##### THE DATA

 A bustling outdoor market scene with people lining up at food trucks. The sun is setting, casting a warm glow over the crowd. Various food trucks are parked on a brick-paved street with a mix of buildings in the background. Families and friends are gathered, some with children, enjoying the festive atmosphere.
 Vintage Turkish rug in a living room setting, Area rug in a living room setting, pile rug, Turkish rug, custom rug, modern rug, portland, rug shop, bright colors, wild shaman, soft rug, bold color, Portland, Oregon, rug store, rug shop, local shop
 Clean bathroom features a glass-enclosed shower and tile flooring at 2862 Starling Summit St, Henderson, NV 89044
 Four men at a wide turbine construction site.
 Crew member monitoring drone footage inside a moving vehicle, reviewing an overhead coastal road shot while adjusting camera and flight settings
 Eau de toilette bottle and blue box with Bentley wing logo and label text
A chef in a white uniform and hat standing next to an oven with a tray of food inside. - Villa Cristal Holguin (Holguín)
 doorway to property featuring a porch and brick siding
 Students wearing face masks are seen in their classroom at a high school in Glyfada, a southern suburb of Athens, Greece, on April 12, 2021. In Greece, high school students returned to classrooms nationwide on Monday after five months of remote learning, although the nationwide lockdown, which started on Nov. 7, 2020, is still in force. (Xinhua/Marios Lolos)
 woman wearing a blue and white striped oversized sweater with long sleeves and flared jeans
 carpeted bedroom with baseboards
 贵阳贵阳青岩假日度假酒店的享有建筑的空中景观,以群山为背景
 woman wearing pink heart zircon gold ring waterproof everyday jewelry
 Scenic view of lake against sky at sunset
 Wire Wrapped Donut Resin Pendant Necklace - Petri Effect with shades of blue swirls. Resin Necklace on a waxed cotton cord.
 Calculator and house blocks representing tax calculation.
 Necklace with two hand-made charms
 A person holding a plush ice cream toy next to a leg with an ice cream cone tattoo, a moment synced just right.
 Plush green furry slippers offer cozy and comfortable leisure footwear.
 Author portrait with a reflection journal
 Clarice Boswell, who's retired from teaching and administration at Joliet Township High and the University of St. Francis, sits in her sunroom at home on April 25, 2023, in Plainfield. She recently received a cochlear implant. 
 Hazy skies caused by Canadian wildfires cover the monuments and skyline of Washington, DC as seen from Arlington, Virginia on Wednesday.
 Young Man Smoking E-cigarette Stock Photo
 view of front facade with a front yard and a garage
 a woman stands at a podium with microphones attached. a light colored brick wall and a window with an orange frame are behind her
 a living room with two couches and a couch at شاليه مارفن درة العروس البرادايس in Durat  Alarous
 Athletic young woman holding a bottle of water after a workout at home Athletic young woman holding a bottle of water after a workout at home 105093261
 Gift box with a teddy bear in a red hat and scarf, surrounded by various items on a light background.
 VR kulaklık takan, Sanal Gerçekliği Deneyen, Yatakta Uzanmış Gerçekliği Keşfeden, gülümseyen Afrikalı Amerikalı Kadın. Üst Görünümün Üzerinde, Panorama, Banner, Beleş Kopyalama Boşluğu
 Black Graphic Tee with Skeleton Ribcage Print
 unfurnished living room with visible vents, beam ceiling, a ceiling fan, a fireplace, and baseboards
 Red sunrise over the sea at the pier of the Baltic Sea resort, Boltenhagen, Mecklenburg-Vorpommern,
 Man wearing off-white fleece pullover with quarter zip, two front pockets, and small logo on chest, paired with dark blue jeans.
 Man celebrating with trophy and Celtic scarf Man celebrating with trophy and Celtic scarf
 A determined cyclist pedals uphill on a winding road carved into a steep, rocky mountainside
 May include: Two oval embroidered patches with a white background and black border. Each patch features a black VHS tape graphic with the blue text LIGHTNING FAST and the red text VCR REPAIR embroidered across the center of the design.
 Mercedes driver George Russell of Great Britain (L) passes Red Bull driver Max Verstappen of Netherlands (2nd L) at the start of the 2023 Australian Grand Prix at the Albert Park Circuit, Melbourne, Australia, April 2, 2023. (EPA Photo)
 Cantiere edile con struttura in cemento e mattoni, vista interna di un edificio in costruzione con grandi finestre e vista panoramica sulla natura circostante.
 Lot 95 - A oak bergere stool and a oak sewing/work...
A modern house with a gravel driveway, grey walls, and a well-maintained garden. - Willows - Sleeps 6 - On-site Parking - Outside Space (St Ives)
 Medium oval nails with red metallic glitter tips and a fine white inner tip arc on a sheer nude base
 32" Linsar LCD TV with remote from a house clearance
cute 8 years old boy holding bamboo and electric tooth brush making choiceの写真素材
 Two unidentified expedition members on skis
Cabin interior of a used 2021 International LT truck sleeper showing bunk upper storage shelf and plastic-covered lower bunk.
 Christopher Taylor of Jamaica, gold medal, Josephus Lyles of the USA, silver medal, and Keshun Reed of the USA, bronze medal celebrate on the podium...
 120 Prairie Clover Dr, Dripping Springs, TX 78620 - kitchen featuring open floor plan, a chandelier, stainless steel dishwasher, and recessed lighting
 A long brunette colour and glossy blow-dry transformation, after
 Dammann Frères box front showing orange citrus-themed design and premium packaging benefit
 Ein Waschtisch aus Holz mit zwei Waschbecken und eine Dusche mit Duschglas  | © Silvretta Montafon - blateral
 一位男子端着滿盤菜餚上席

##########

▸ **YOUR TASK**
Only the line containing "Two unidentified expedition members on skis" and the lines after it, up to and including the last line of the data, should appear in the answer, exactly as written.

▸ **SOLUTION FOR THIS TASK**
 Two unidentified expedition members on skis
Cabin interior of a used 2021 International LT truck sleeper showing bunk upper storage shelf and plastic-covered lower bunk.
 Christopher Taylor of Jamaica, gold medal, Josephus Lyles of the USA, silver medal, and Keshun Reed of the USA, bronze medal celebrate on the podium...
 120 Prairie Clover Dr, Dripping Springs, TX 78620 - kitchen featuring open floor plan, a chandelier, stainless steel dishwasher, and recessed lighting
 A long brunette colour and glossy blow-dry transformation, after
 Dammann Frères box front showing orange citrus-themed design and premium packaging benefit
 Ein Waschtisch aus Holz mit zwei Waschbecken und eine Dusche mit Duschglas  | © Silvretta Montafon - blateral
 一位男子端着滿盤菜餚上席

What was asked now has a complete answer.